Police probe Google over Wi-Fi blunder

Google

Met investigates the possibility of charges after complaints from Privacy International

The Metropolitan Police is to probe Google over the privacy blunder in which the company collected W-Fi data during a country-wide sweep for its Google Street View service.

“The MPS has received a complaint regarding alleged access to online activities broadcast over unprotected home and business Wi-Fi networks,” the Met said in a statement sent to PC Pro. “The matter is now under consideration.

“It has yet to be determined what, if any, offences may have allegedly occurred.”

The action follows a complaint from rights group Privacy International alleging that the data breach represented a criminal interception.

According to the Information Commissioner's Office (ICO) - which has so far not started its own investigation - Google had been collecting data that carried some personal ‘payload’ for three years, while using scanning equipment to capture details of local Wi-Fi networks in the company's Street View photography cars.

The police will first ascertain whether any laws have been breached as suggested by Privacy International which brought the action under two laws - the Regulation of Investigatory Powers Act and the Wireless Telegraphy Act.

According to Privacy International, the police investigation is likely to involve interviews with Google staff to ascertain who within the company is the “responsible person”.

Privacy International says it has been briefed on the prosecution process and that an initial investigation will take eight to ten days, after which the case will be escalated to a specialist team working at the national level.

No estimate has been given regarding the likely period of the main investigation, but the campaign group was obviously pleased with its work.

"We are pleased that the police have taken up this complaint for investigation.
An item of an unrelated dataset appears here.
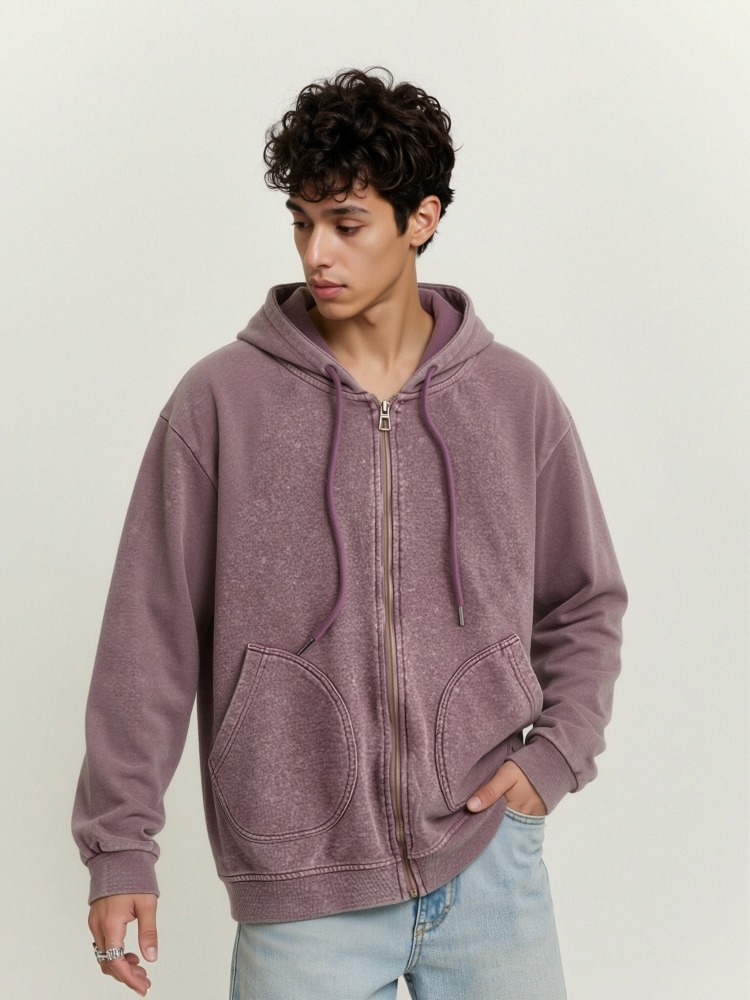 GorgeousBen Men's 100% Cotton Vintage Washed Zip-Up Hoodie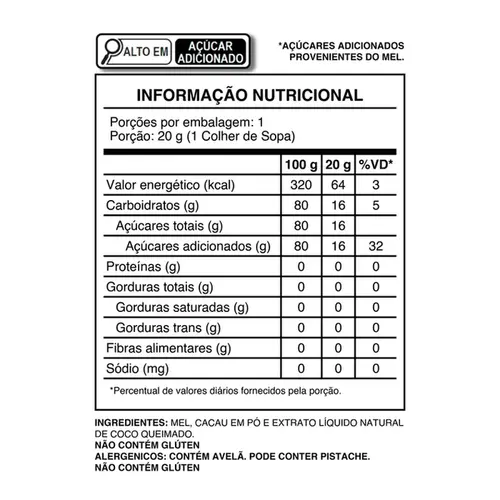 Mel Orgânico Cacau Bee com Cacau e Coco Queimado 280g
An evidence based approach to this complex matter is sorely needed now,” said Simon Davies, director of Privacy International.

"We have already told police that we will cooperate fully with any inquiries. I know Google will want to do the same.

"We hope that this difficult process will give Google pause for thought about how it conducts itself. Perhaps in future the company will rely less on PR spin and more on good governance and reliable product oversight."

Google was not available for comment at the time of going to press, but has previously said it would co-operate fully with the authorities looking into the breach.